Dictámenes y prueba pericial

La práctica forense y arbitral ha venido impulsando con frecuencia el recurso a dictámenes jurídicos como un “medio de prueba” que respalda la posición sostenida en el pleito o en el arbitraje por la parte. Las justificaciones de esa práctica pueden ser diversas. La parte que solicita el dictamen considera que la materia jurídica debatida es muy especial y compleja y la aportación de opiniones adicionales a la fundamentación jurídica de sus alegaciones puede ser útil. Más aún si quien firma el dictamen es un jurista de prestigio, al que se reconoce autoridad en la materia, por ejemplo en razón de sus previas publicaciones sobre el tema, los cargos desempeñados o su participación en la preparación y aplicación de las normas debatidas.

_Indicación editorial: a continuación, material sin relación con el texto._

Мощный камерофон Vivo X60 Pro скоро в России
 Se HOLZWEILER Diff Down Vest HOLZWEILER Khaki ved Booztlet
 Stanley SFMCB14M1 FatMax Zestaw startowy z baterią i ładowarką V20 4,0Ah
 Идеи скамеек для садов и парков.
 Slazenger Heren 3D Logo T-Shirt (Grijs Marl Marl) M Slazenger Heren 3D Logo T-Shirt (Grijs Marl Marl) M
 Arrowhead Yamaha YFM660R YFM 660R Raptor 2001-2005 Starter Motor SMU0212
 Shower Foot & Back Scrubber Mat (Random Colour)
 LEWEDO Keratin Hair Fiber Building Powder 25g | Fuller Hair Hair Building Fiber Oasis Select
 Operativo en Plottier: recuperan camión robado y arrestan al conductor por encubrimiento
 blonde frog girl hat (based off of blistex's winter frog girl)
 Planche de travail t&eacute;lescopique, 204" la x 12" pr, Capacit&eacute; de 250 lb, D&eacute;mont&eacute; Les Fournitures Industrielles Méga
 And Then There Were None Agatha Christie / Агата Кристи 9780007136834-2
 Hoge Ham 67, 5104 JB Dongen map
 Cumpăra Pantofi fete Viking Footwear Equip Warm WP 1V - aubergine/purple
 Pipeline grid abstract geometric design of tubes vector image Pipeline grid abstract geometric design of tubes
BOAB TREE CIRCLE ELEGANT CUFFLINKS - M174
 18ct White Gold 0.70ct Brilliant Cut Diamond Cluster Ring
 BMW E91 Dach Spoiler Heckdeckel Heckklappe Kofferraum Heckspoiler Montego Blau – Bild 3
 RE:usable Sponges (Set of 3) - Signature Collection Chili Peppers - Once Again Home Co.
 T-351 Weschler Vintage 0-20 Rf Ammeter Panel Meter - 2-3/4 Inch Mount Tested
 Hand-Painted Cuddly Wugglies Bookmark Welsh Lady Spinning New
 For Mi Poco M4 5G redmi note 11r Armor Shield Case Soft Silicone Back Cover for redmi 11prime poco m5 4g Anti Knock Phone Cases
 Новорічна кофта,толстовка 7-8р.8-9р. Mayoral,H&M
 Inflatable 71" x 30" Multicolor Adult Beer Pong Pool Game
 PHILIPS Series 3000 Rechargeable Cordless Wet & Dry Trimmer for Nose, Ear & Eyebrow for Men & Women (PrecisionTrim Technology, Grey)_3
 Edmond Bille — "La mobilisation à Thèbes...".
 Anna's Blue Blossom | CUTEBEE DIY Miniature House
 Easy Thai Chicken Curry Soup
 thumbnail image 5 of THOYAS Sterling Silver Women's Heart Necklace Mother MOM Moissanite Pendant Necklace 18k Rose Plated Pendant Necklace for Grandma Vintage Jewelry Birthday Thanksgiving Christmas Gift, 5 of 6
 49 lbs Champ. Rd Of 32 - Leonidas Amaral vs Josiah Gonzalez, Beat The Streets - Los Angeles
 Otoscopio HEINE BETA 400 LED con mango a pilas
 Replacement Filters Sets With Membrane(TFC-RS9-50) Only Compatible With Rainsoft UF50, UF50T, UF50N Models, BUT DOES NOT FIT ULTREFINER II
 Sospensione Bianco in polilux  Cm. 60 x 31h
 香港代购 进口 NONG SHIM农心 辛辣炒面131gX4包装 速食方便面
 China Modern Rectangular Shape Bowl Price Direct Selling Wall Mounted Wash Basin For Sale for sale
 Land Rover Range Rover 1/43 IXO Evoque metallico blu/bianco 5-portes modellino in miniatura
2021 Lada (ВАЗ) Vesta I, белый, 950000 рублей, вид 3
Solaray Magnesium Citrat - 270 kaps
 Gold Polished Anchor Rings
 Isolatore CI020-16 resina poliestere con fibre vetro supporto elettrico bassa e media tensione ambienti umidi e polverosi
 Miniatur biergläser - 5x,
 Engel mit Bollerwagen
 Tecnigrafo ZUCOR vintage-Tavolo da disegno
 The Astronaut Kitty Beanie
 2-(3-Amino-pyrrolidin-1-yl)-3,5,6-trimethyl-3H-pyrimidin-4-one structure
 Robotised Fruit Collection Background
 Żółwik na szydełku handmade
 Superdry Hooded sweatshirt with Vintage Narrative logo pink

En el caso del arbitraje, la aportación de dictámenes jurídicos se justifica especialmente cuando se está ante contiendas internacionales, en las que siendo los miembros del Tribunal arbitral juristas de distintas nacionalidades, se les pide que apliquen un ordenamiento que no es el propio de todos los árbitros o, cuando menos, de algunos de ellos. En el ámbito jurisdiccional, las soluciones son diversas en función del criterio del Juez o Tribunal respectivo, si bien es frecuente que se reciban esos dictamenes con un cierto recelo por cuanto su aportación sugiere que hay aspectos en los que el criterio del órgano jurisdiccional depende de opiniones de terceros. Esto lleva a la frecuente inadmisión de ese tipo de dictámenes, sobre todo cuando se pretende en un momento posterior a los escritos de demanda y contestación (arts. 400 y 406 LEC). La aportación es a veces una reacción a la estrategia de la parte contraria, de manera que es en la audiencia previa cuando se presenta ese dictamen que, si no es admitido, abre la puerta a protestas y recursos por aplicación del régimen general de la prueba en nuestra legislación procesal civil (art. 427 LEC).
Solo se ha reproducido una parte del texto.